PROBLEM TO WORK ON:
Filter out every line below that lacks "درآمد", and copy the rest.

Start of DATA FOR THIS TASK

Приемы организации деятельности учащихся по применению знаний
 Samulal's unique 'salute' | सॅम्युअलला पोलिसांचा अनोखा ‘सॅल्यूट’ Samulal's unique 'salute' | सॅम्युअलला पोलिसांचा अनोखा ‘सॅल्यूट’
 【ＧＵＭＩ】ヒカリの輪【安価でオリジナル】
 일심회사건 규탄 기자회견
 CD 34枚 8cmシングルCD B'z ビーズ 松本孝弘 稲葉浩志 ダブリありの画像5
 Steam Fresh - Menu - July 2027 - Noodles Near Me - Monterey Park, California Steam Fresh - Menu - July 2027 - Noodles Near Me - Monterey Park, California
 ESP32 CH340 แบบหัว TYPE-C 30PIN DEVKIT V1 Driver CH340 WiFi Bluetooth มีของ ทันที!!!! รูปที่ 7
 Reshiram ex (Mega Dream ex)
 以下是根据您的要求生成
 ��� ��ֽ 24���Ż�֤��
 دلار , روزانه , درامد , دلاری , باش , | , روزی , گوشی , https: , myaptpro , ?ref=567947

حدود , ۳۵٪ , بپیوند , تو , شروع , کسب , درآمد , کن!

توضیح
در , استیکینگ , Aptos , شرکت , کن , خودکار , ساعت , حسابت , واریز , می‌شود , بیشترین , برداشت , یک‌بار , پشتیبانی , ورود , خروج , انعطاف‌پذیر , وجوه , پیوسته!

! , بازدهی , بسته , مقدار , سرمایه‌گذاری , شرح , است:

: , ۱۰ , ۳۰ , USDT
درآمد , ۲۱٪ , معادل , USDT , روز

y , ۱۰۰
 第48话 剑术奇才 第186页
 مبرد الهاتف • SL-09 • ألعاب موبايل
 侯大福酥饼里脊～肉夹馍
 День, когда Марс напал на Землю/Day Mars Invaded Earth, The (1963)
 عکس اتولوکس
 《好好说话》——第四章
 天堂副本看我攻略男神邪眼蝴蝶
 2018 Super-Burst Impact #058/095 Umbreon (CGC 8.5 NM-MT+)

End of DATA FOR THIS TASK

ANSWER FOR THIS EXERCISE:
حدود , ۳۵٪ , بپیوند , تو , شروع , کسب , درآمد , کن!
درآمد , ۲۱٪ , معادل , USDT , روز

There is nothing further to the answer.